<<<<
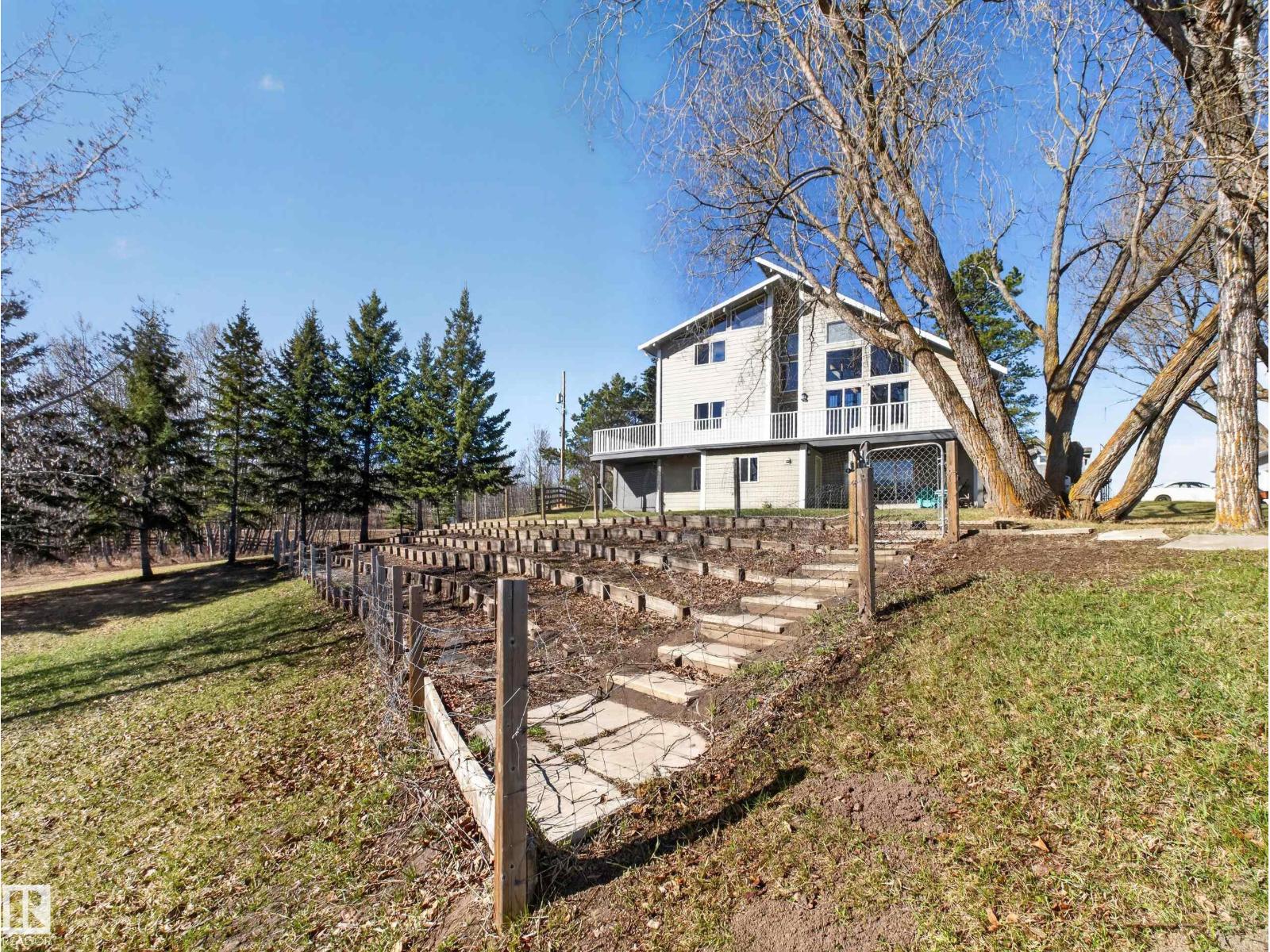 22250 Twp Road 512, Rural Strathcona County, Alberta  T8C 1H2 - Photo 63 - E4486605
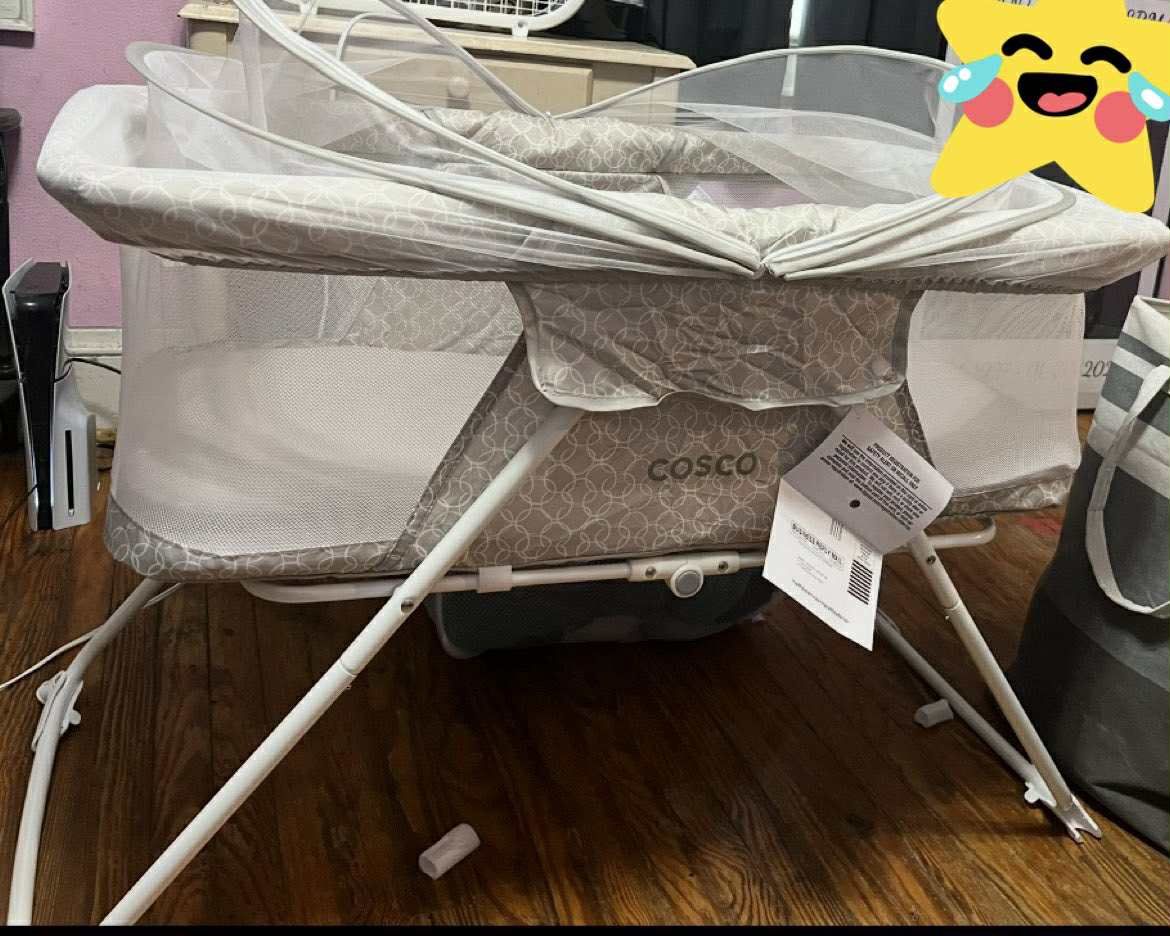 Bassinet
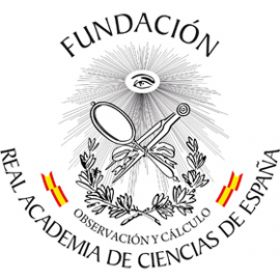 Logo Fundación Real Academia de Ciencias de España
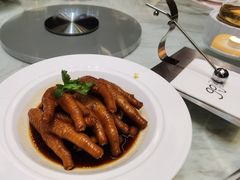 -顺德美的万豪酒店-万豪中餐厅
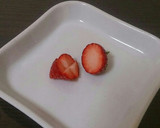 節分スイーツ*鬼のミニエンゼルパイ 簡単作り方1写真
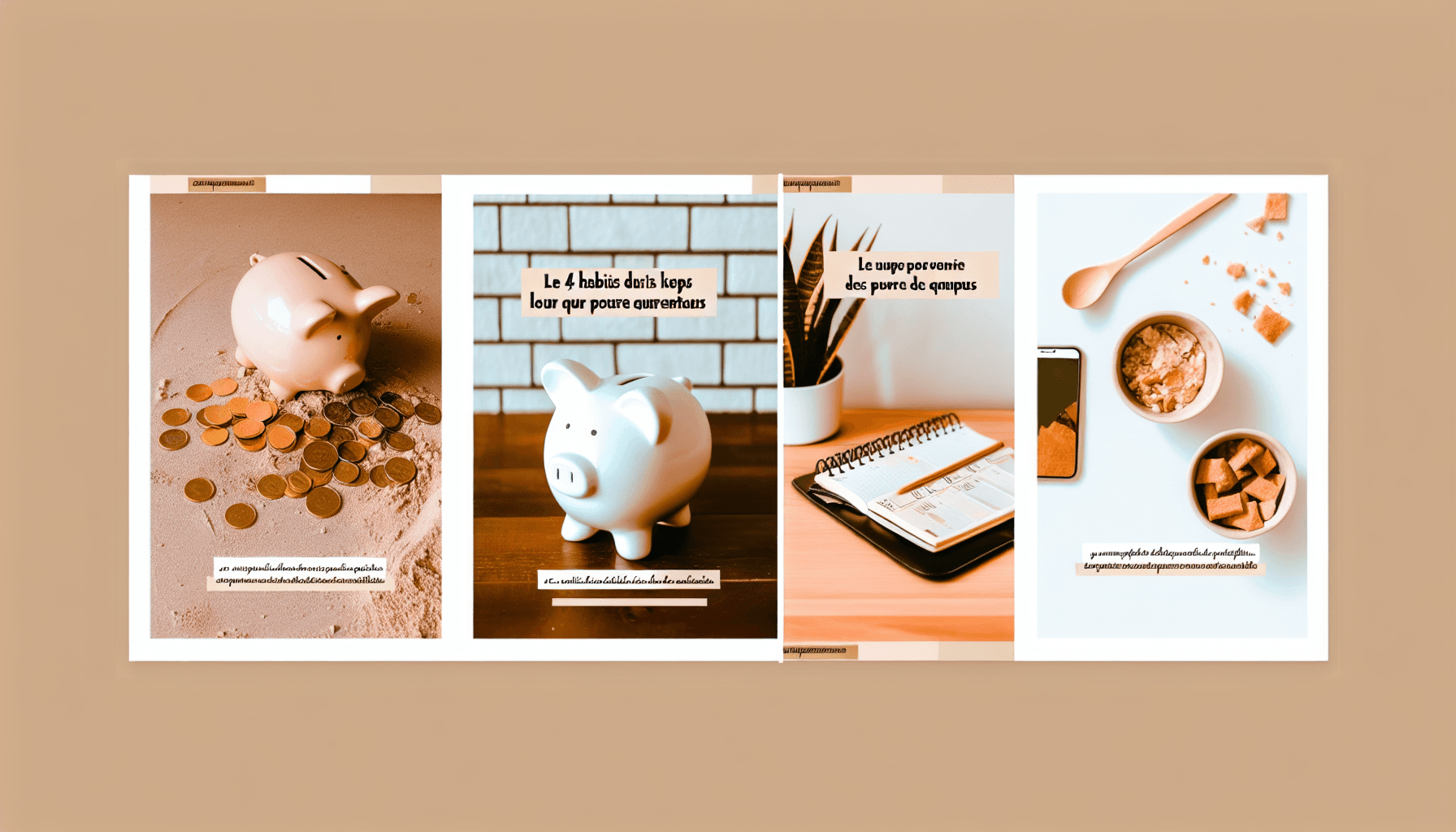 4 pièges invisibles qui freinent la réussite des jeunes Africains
>>>>
<<<<
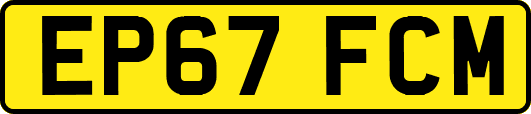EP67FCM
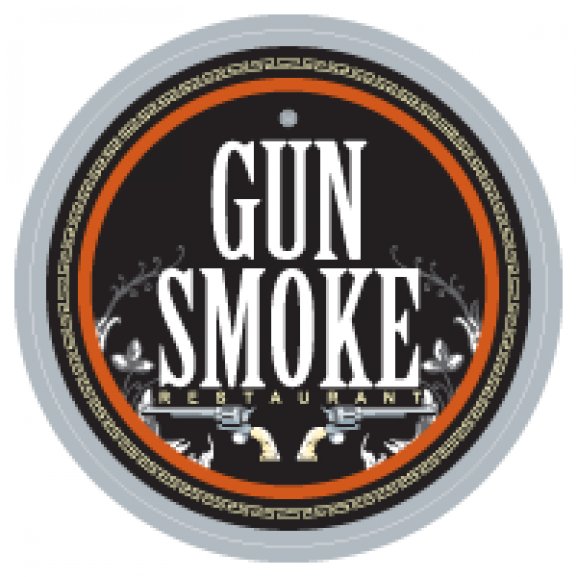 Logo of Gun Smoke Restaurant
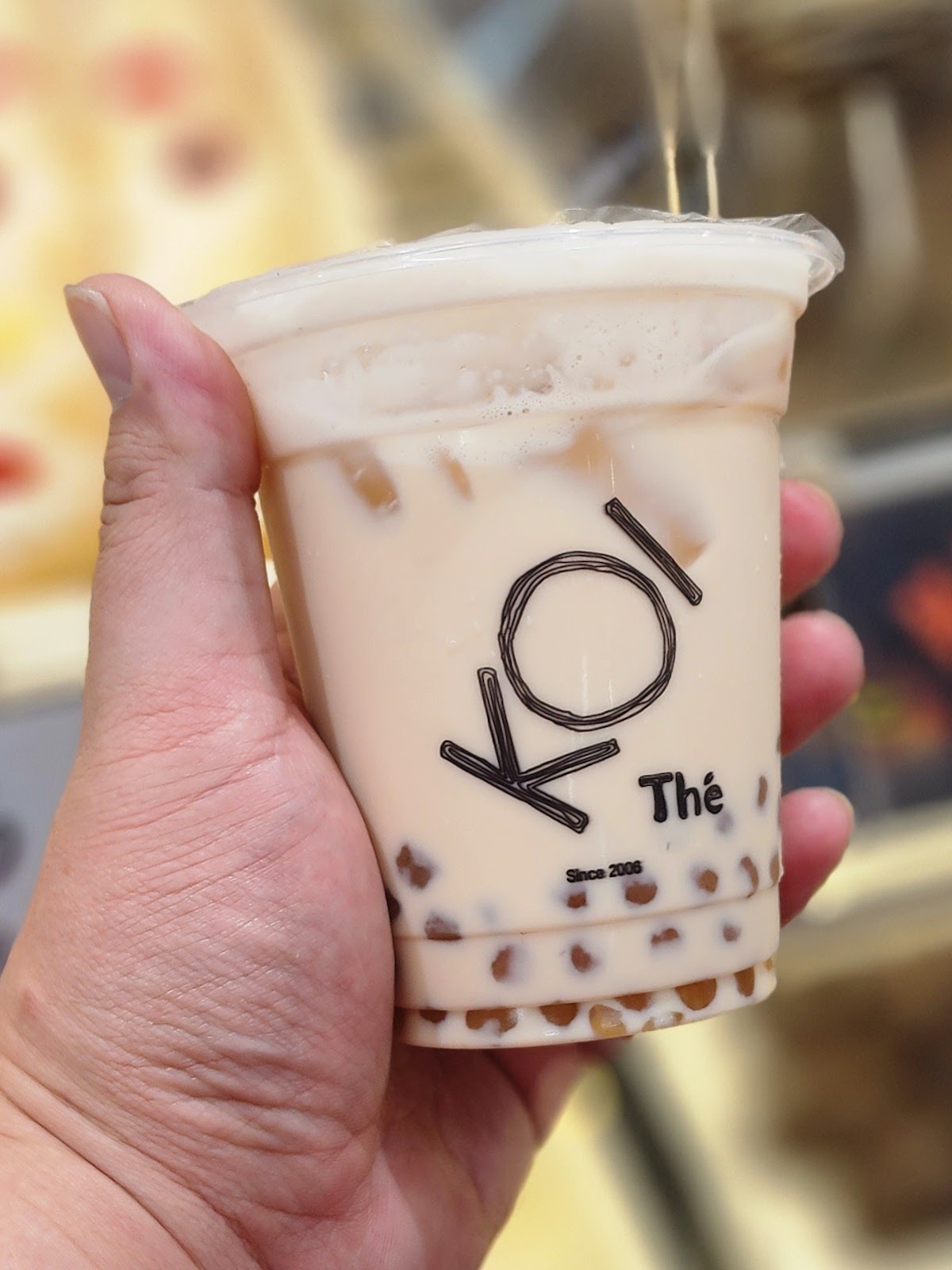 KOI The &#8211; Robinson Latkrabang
>>>>
WHAT THE TASK ASKS:
Your answer must be everything above from the line with "22250 Twp Road" down to the line with "4 pièges invisibles", word for word, and no pictures.

EXERCISE RESULT:
 22250 Twp Road 512, Rural Strathcona County, Alberta  T8C 1H2 - Photo 63 - E4486605
 Bassinet
 Logo Fundación Real Academia de Ciencias de España
 -顺德美的万豪酒店-万豪中餐厅
 節分スイーツ*鬼のミニエンゼルパイ 簡単作り方1写真
 4 pièges invisibles qui freinent la réussite des jeunes Africains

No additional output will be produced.